Sì, perché all’orizzonte si profila una destra “organizzata, coesa e ambiziosa”, parole del PD, con Fratelli d’Italia in prima fila e un nugolo di sigle civiche al seguito, che non nascondono l’obiettivo: conquistare la Regione. Né più né meno. E poco importa se quella destra – sempre parole loro – promuove “modelli che smantellano lo stato sociale, privatizzano i servizi pubblici e negano le specificità territoriali”. Il punto è che si muove, mentre a sinistra si discute ancora se la coperta sia abbastanza grande da coprire tutti.
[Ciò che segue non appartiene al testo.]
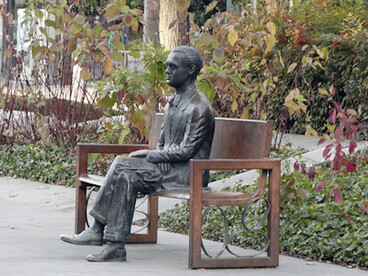 Federico García Lorca nació en Fuente Vaqueros, un pueblo de Granada, España, el 5 de junio de 1898. Avenida de la Constitución de Granada, España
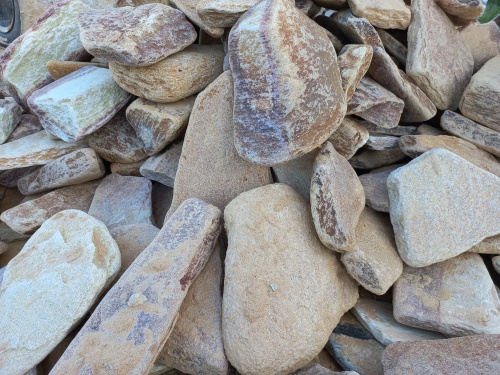 Златолит жёлтый, жёлто-зелёный глыбки и валуны для ланшафтного дизайна купить в Кировграде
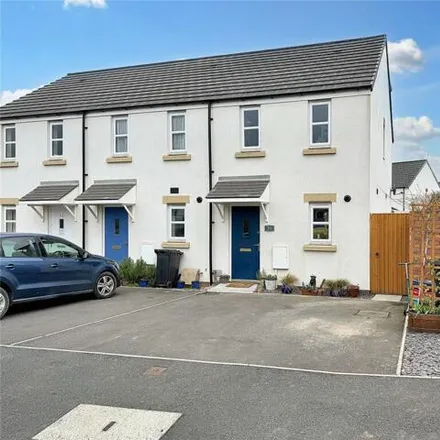 Buy this 2 bed house on Birch Close in Hay on Wye, HR3 5TL
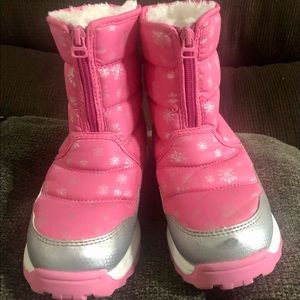 Size 4 Big Girls snow boots, Wonder Nation EUC!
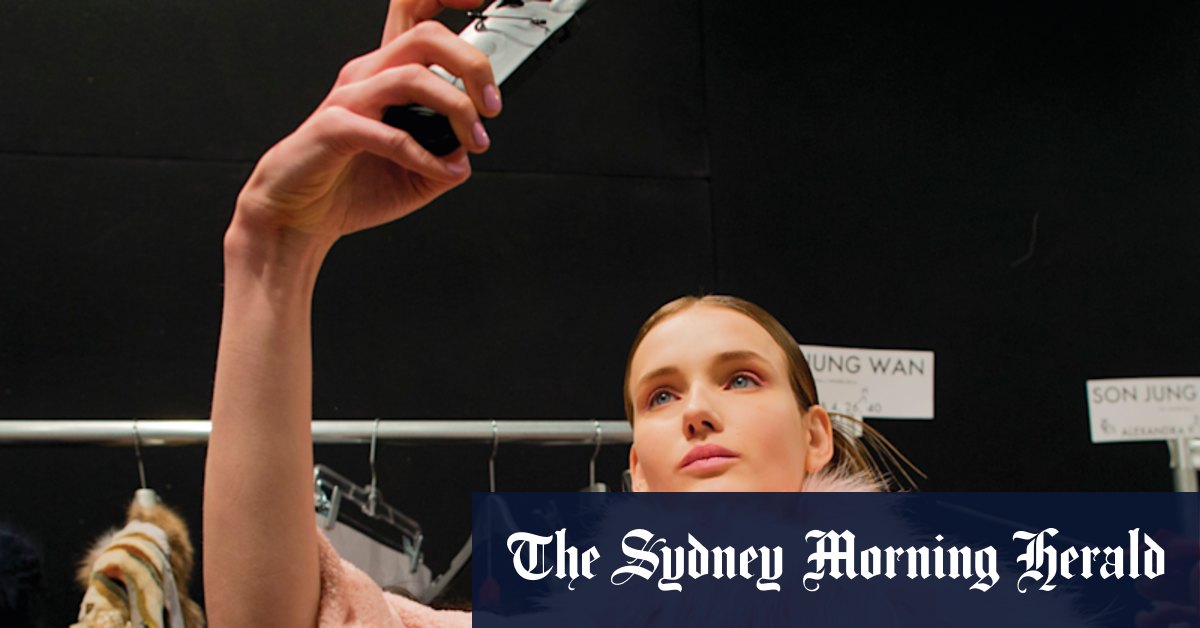 Selfies can be a bit cringe, but here’s how to take a good one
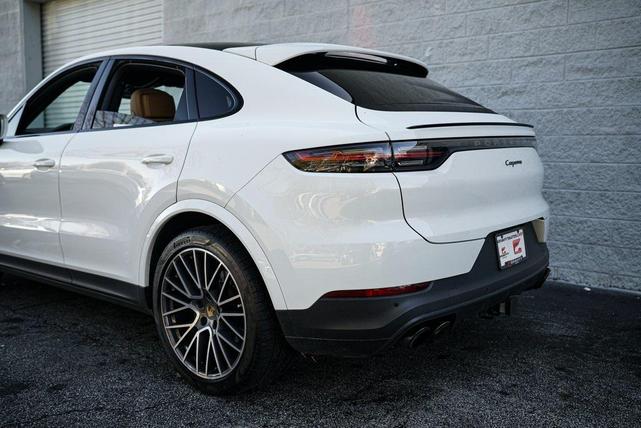Photo of 2022 Gray Porsche Cayenne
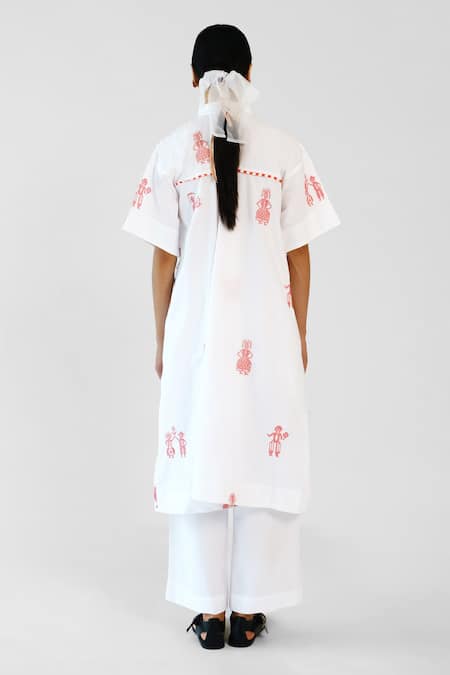 Merakus White and Red Cross Stitch Kurta Pant Set 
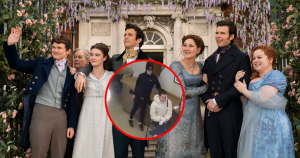 Actriz de Bridgerton frustró intento de robo en cafetería: golpeó al ladrón con su celular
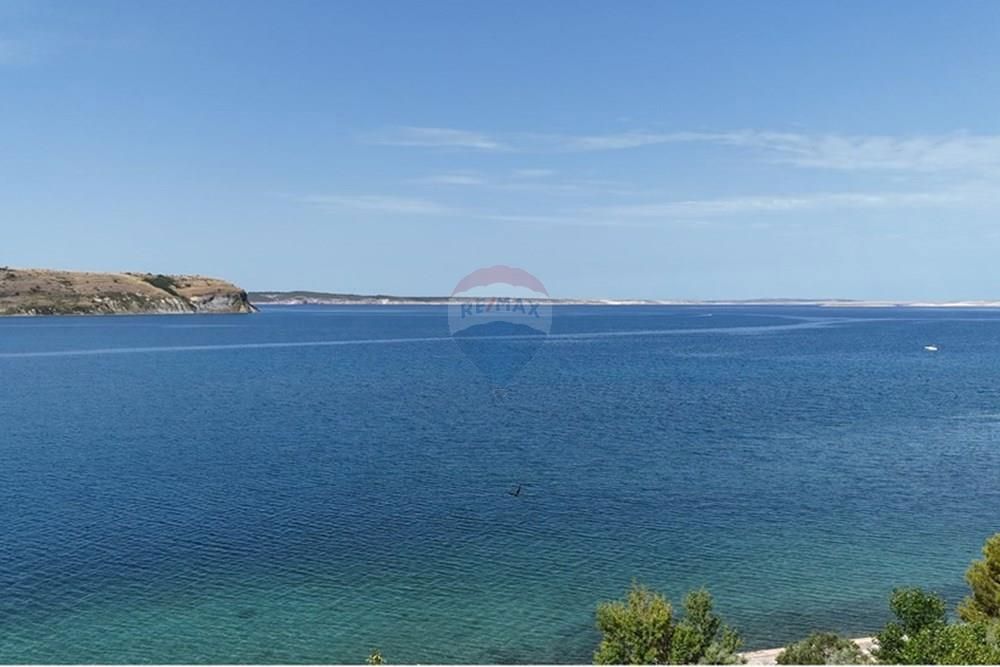 Zemljišče Rtina, Ražanac, 1.000m2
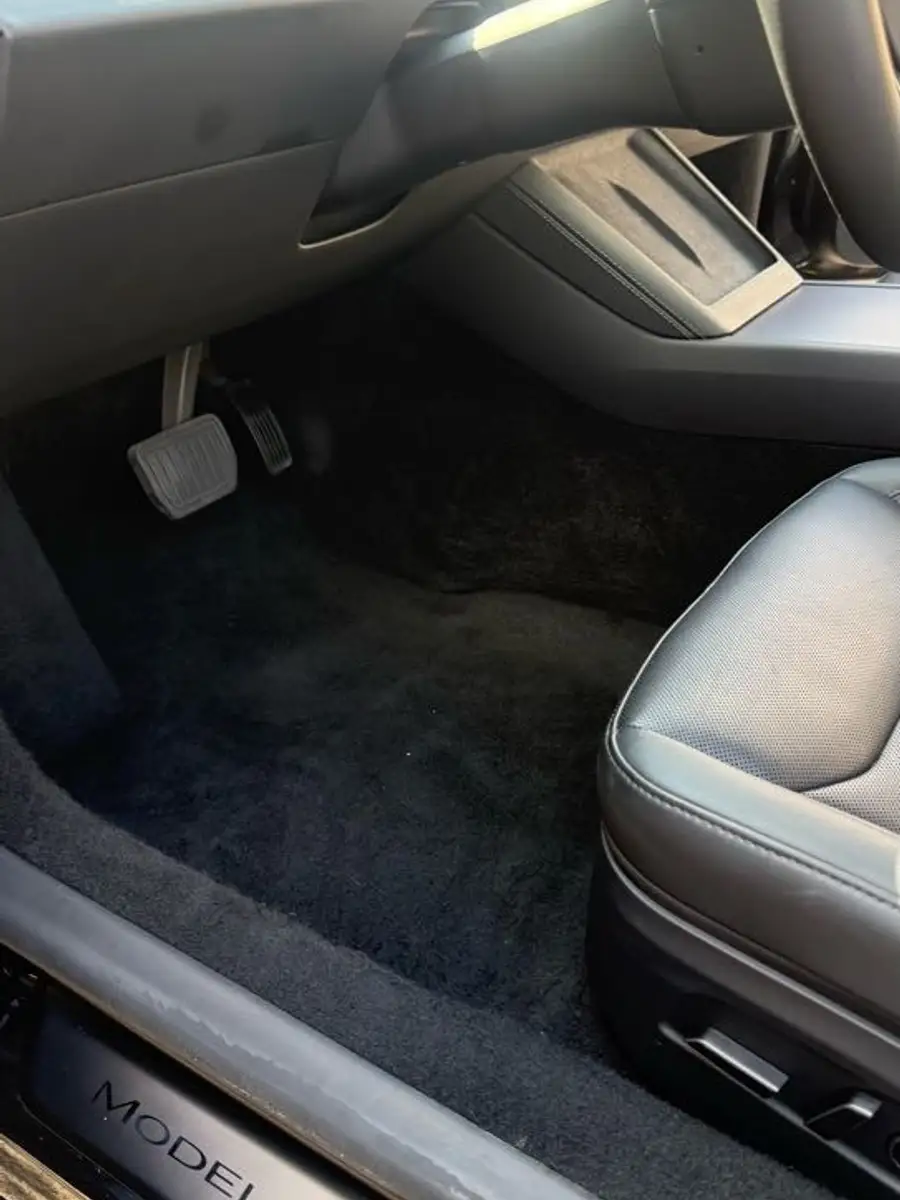 Après — Avant-après du nettoyage du plancher côté conducteur d’une autre Tesla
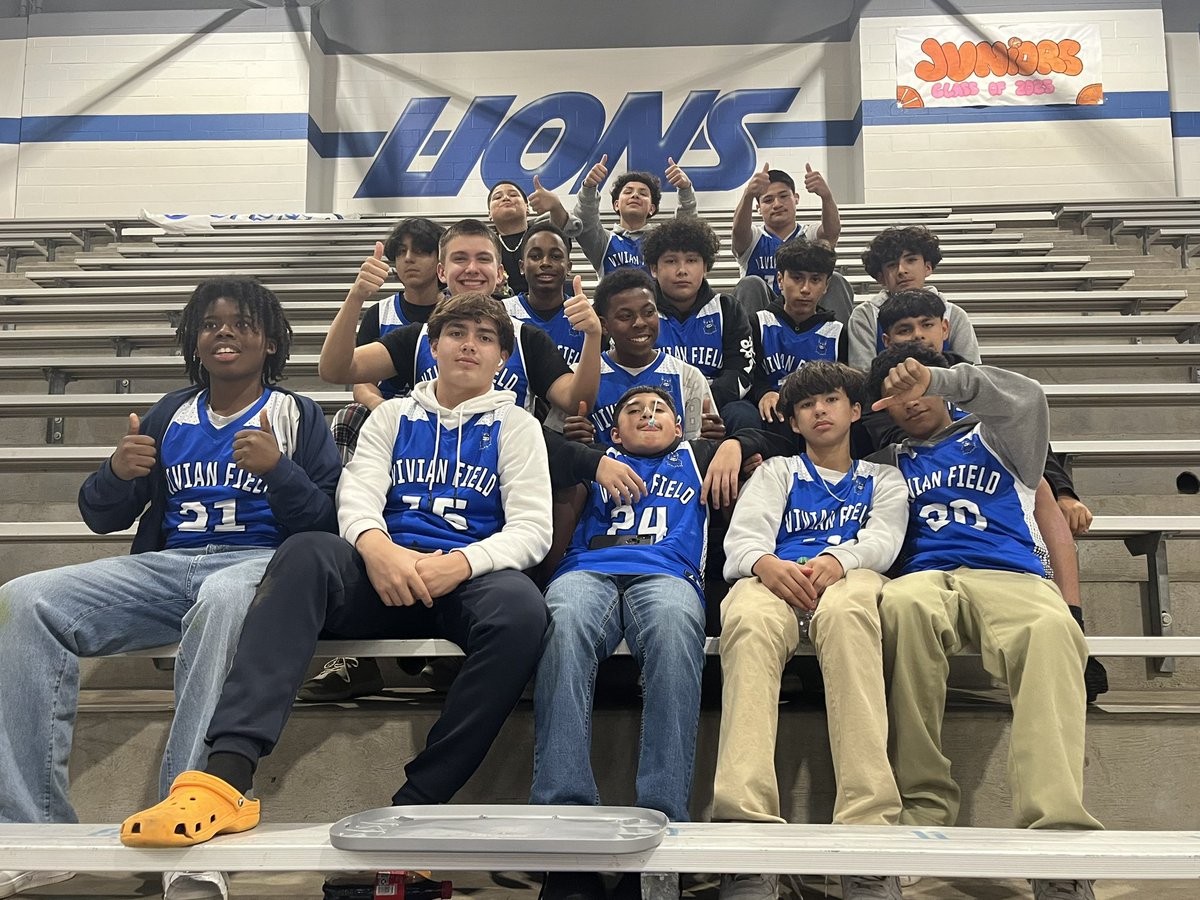 Feeder night for at RLT for these boys and the Lions got the win!! Thank you <a href="/RLTURNERBBALL/">RLT Boys Basketball</a> #Rowtheboat #FearlessfamilyVF <a href="/CFBISD/">Carrollton-Farmers Branch ISD</a> <a href="/CFBathletics/">CFB Athletics</a> <a href="/RamirezCoach/">Michael Ramirez</a> <a href="/PutterRenee/">Renee Putter</a> <a href="/chadhunterCFB/">Chad Hunter</a>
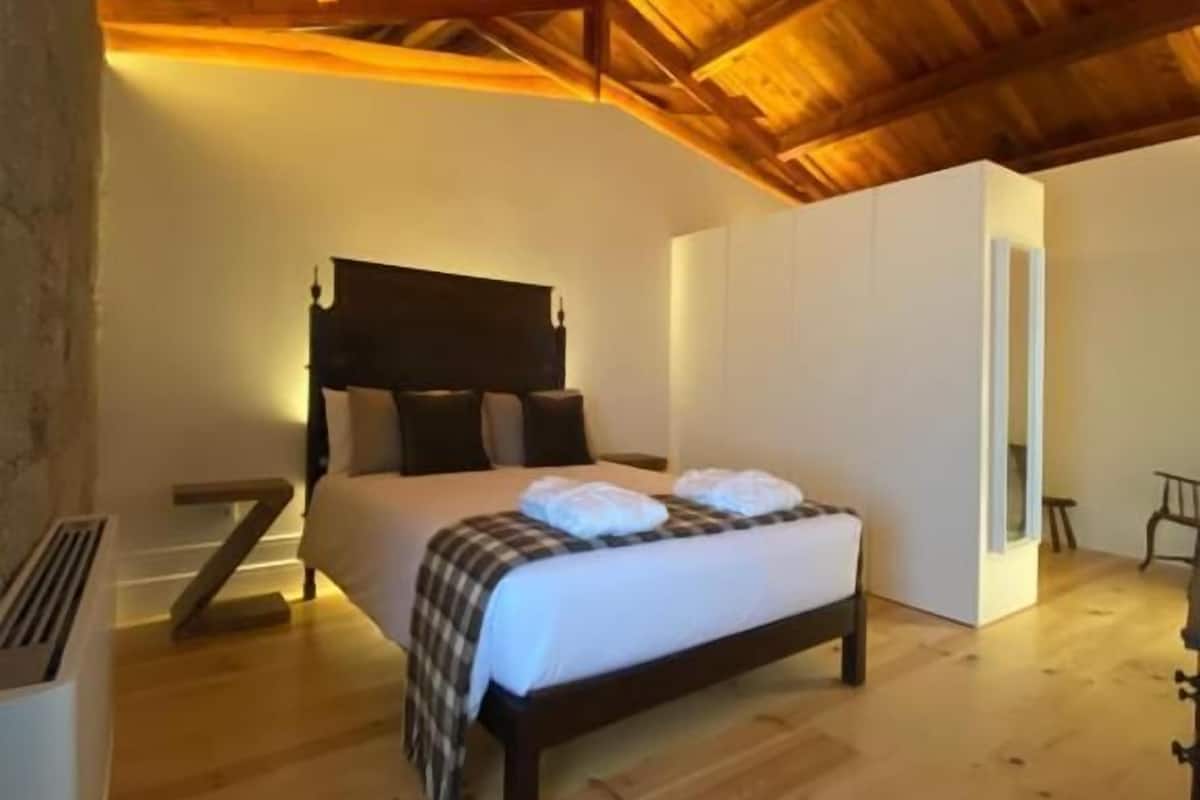 Standard Suite | 1 bedroom, soundproofing, iron/ironing board, free WiFi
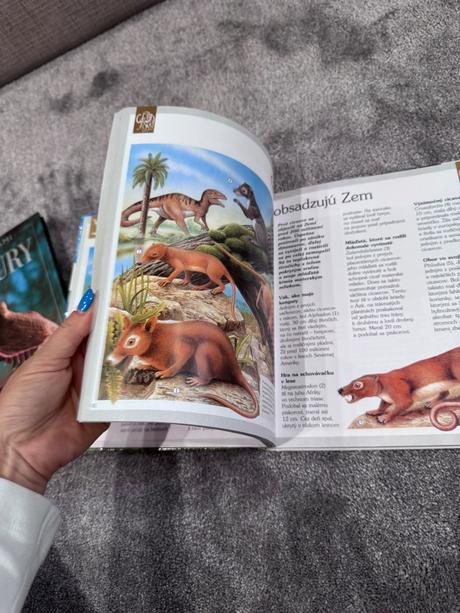 Kniha dinosaury a vyhynuté zvieratá,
Il PD, almeno in questa fase, mette sul tavolo un progetto. A tratti retorico, certo. Ma concreto nei passaggi chiave: “Un’autonomia che non può essere solo memoria, ma visione, innovazione, responsabilità.” E poi un elenco di priorità che chiunque conosca le pieghe di questa Valle non può ignorare: enti locali da riformare, il casinò da salvare (o finalmente affrontare), le concessioni idroelettriche da difendere, la pubblica amministrazione da sbloccare e lo Statuto Speciale da riscrivere prima che lo faccia qualcun altro a Roma.
Il messaggio è chiaro: o ci si mette insieme, o si perde tutto. Ma davvero, tutto.
A chi è rivolto questo appello? Anzitutto all’Union Valdôtaine, “con cui condividiamo un lungo percorso fatto di visione concreta e radicamento storico nella nostra Petite Patrie”. Poi ai cespugli della sinistra, al centro socialista, al nuovo centro autonomista. È il solito mosaico valdostano, che sa essere tanto affascinante quanto ingestibile. Dove ognuno rivendica il proprio passato e si guarda allo specchio convinto di essere indispensabile. E intanto la destra marcia.
Il PD lancia una stilettata anche sul piano comunale: “Chi oggi rivendica discontinuità ha scelto deliberatamente di collocarsi altrove”. Il riferimento alla Renaissance è diretto, quasi brutale: accusata di aver indossato il civismo per mascherare un’anima conservatrice e poi finita sotto l’ombrello meloniano. Anche qui si invoca chiarezza, coerenza, responsabilità.
Il nodo, però, resta uno solo: chi comanda nel fronte progressista? Il PD chiede una sintesi, ma non dice a quale prezzo. E l’Union, storicamente restia a farsi dettare l’agenda da Rue de Solférino (o ciò che ne resta), non accetterà mai di fare da stampella. L’impressione è che, se questo fronte si farà, sarà per necessità aritmetica, non per reale sintonia.
La nota del PD va letta con attenzione. Dice qualcosa che in molti pensano ma pochi hanno il coraggio di dire ad alta voce: lo scontro che si prepara “non è solo numerico o tecnico, ma profondamente culturale e politico”. La destra identitaria, nazionalista e accentratrice non è compatibile con la storia valdostana. Questo è vero. Ma per batterla non basta il richiamo ai valori: serve un progetto serio, una leadership riconosciuta e soprattutto la capacità di mettere da parte personalismi e nostalgie.
Il rischio altrimenti è che la Valle venga consegnata, per stanchezza o per disillusione, proprio a quel blocco “conservatore, populista e identitario” che oggi viene evocato come uno spauracchio. E che invece, giorno dopo giorno, si organizza con metodo, pazienza e un certo fiuto per il potere.